Start of EXTRACTED DATA
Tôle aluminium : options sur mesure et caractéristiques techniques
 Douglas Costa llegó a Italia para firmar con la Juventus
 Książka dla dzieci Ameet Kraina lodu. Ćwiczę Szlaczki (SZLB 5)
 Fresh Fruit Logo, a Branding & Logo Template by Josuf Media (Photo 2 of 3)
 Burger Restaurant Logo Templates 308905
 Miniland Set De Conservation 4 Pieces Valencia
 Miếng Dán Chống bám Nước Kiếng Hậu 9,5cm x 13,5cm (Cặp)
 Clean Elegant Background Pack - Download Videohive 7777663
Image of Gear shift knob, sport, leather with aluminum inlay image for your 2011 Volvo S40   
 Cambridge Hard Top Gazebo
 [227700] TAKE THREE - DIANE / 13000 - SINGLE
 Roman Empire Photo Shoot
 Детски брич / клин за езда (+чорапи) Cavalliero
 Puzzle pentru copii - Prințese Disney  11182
End of EXTRACTED DATA
ABOUT THIS EXERCISE.
Transcribe each entry exactly.

RESPONSE AREA.
Tôle aluminium : options sur mesure et caractéristiques techniques
 Douglas Costa llegó a Italia para firmar con la Juventus
 Książka dla dzieci Ameet Kraina lodu. Ćwiczę Szlaczki (SZLB 5)
 Fresh Fruit Logo, a Branding & Logo Template by Josuf Media (Photo 2 of 3)
 Burger Restaurant Logo Templates 308905
 Miniland Set De Conservation 4 Pieces Valencia
 Miếng Dán Chống bám Nước Kiếng Hậu 9,5cm x 13,5cm (Cặp)
 Clean Elegant Background Pack - Download Videohive 7777663
Image of Gear shift knob, sport, leather with aluminum inlay image for your 2011 Volvo S40   
 Cambridge Hard Top Gazebo
 [227700] TAKE THREE - DIANE / 13000 - SINGLE
 Roman Empire Photo Shoot
 Детски брич / клин за езда (+чорапи) Cavalliero
 Puzzle pentru copii - Prințese Disney  11182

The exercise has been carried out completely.